Anyway, on the surface level the article is not too original. It’s more identification of what seems to be [according to the media] a ‘problem with our generation’, that being we have ill-defined social roles, we are ‘failing to grow up’, generally there is mention of men playing video games as if this were indicative of some huge failure to cope, that these well-educated people are spending their first adult decade doing ‘unpaid internships’ or being a barista while blaming the recession, that because they feel entitled to some kind of ‘creative control’ in life they are doing strings of meaningless ‘freelance projects’ while becoming increasingly anxious about the future.

Key to the accusation, especially in this piece, is that ’20-somethings’ are like somehow not achieving milestones formerly associated with adulthood, chief among them financial independence, a stable romantic partnership/marriage, plans to reproduce, ownership of property, etc. It is a little bit of a creepy thing to notice; I’m not exactly part of the accused demographic, being that I’m kind of too old to wholly qualify for that generational umbrella, I have a full-time writing job and health insurance and my own apartment and I literally can’t remember the last time I had to ask my parents for money. I do remember the 1990s with inappropriate vividity and not the sort of ironic retro-nostalgia with which other young people I know seem to be curious about jelly shoes, pogs and flannel.

But I am [commence full-body cringe, lip-curl shove-my-dear-cat-away-for-a minute-in-paroxysm-of-self-conscious-guilt-at-looming-stereotype]  uh ‘pushing 30’. My parents were pretty measured about this shit and yet when my mom was my age I was already born. I am not married; marriage does not appear imminent. This is probably because I am shit at doing laundry and dishes, at paying bills on time, or at spending my free time doing anything more efficient than watching My So Called Life DVDs which I indulgently purchased despite my electric bill being late and you don’t even want to know what I owe on my fucking taxes. Actually neither do I, that’s why I’ll probably file late yet again this year, continually setting aside time to ‘go get that shit taken care of’ at an accountant and spending the time sleeping off a hangover or purchasing nail polish [because I need ‘me time’, natch].

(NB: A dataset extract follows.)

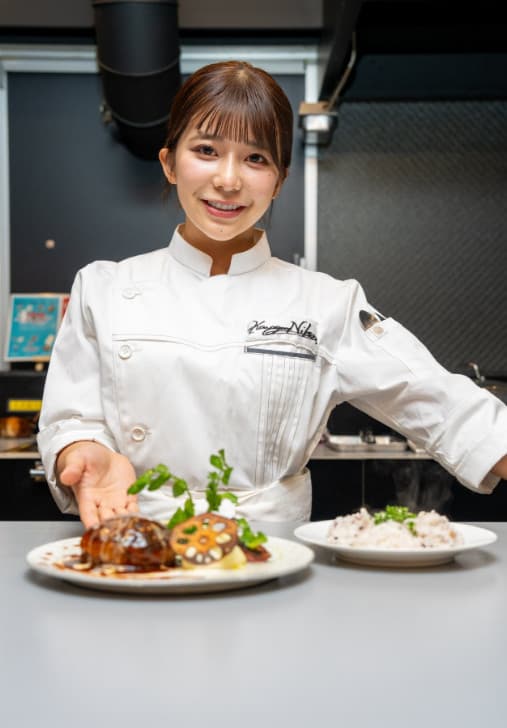 川越仁子近期開辦料理教室,粉絲報名後可親自看她展現廚藝。(翻攝X@kawagoeniko)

I spend a lot, a lot of time attending parties where I am, increasingly, the oldest person in the room. Like, literally, this past weekend I went to a birthday party where people asked me ‘when do you graduate’ and I was like ‘from what’ because it took me a fucking second to realize what they meant. I had fun alternating between coy responses, lies I’d sling to test their plausibility, and blunt honesty so I could enjoy the shock response. I will not always be young enough to pull this off. I will not be young enough for much longer. I’ve got a good six months. Hang on I need a drink while I get my head around that.

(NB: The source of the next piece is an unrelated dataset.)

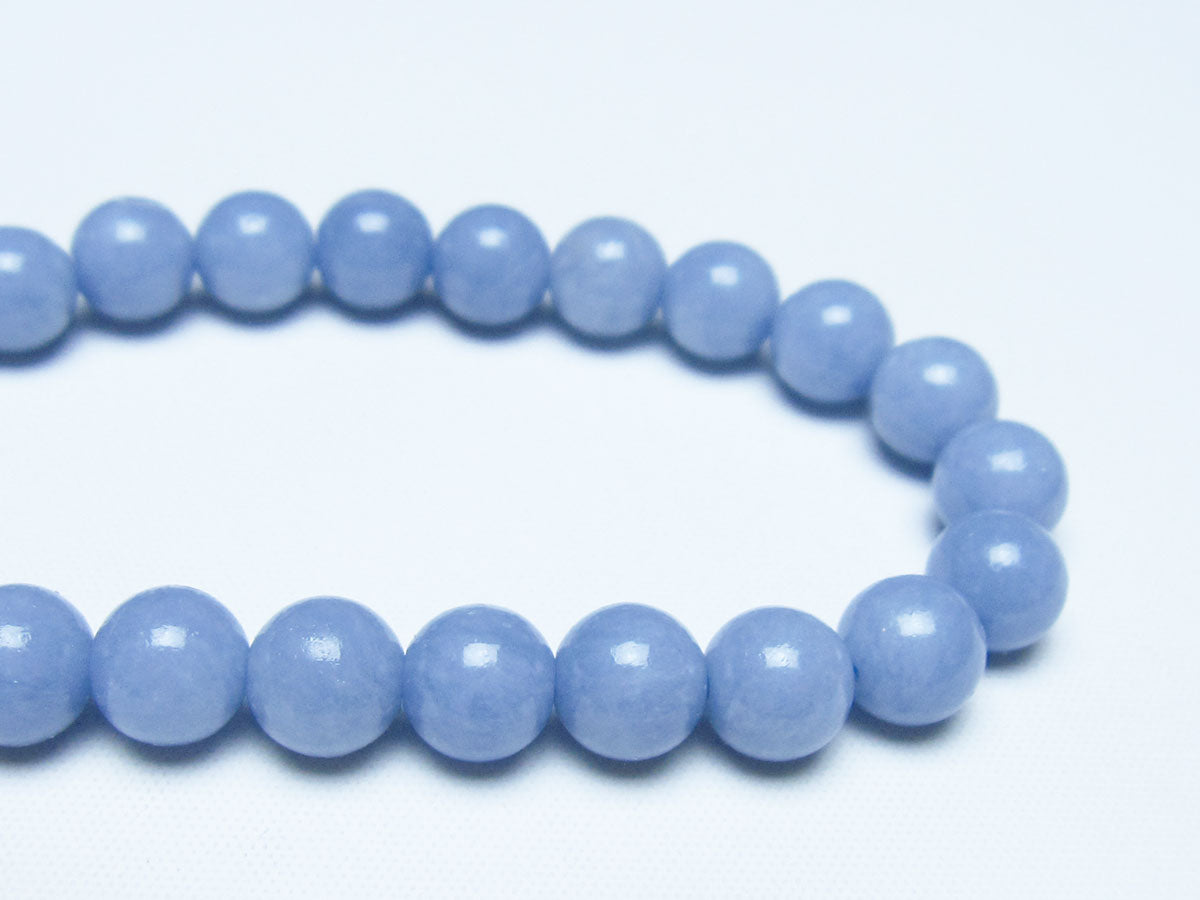 エンジェライト ブレスレット 8mm 一点物 メール便可 111-49527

Increasingly I find myself entertaining fantasies the type I would have once found fucking loathsome; I would like to meet a man who is a ‘systems analyst’ or a ‘process consultant’ or an ‘adjunct professor’ or ‘head researcher’ [what the fuck are those things] and get married move to Park Slope and have those kind of parties that aren’t actually ‘parties’ but are grown-ups sitting or standing around a very clean living room, drinking wine and eating canapés [what the fuck are canapés]. Maybe ‘tapenade’, I know what tapenade is. Water crackers. Brioche that I made and people praise it and I say ‘oh, it’s nothing.’ Maybe it’s even frozen or I ordered it from a restaurant and I lie to everyone so they think I’m a better homemaker.